There is documentation on [transformer operators](https://pyterrier.readthedocs.io/en/latest/operators.html) as well as [example pipelines](https://pyterrier.readthedocs.io/en/latest/pipeline_examples.html) show other common use cases. For more information, see the [PyTerrier data model](https://pyterrier.readthedocs.io/en/latest/datamodel.html).

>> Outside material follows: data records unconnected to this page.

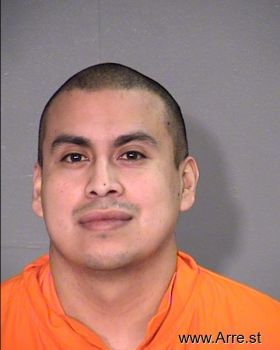 Adrian  Alvarez-beltran Mugshot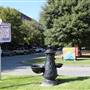 Uptown Alley's / Courtyards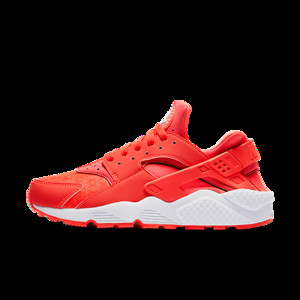 Nike Air Huarache Run Bright Crimson Bright Crimson (W) | 634835-608
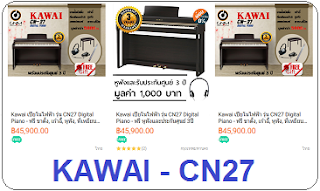Kawai cn27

# Neural Reranking and Dense Retrieval

PyTerrier has additional plugins for BERT (through OpenNIR), T5, ColBERT, doc2query and many more...
 - Pyterrier_DR: [[Github](https://github.com/terrierteam/pyterrier_colbert)] - single-representation dense retrieval
 - PyTerrier_ColBERT: [[Github](https://github.com/terrierteam/pyterrier_colbert)] - mulitple-representation dense retrieval and/or neural reranking
 - PyTerrier_PISA: [[Github](https://github.com/terrierteam/pyterrier_pisa)] - fast in-memory indexing and retrieval using [PISA](https://github.com/pisa-engine/pisa)
 - PyTerrier_T5: [[Github](https://github.com/terrierteam/pyterrier_t5)] - neural reranking: monoT5, duoT5
 - PyTerrier_GenRank [[Github](https://github.com/emory-irlab/pyterrier_genrank)] - generative listwise reranking: RankVicuna, RankZephyr
 - PyTerrier_doc2query: [[Github](https://github.com/terrierteam/pyterrier_doc2query)] - neural augmented indexing
 - PyTerrier_SPLADE: [[Github](https://github.com/cmacdonald/pyt_splade)] - neural augmented indexing

Older plugins include:
 - PyTerrier_ANCE: [[Github](https://github.com/terrierteam/pyterrier_ance)] - dense retrieval
 - PyTerrier_DeepCT: [[Github](https://github.com/terrierteam/pyterrier_deepct)] - neural augmented indexing
 - OpenNIR: [[Github](https://github.com/Georgetown-IR-Lab/OpenNIR)] [[Documentation](https://opennir.net/)]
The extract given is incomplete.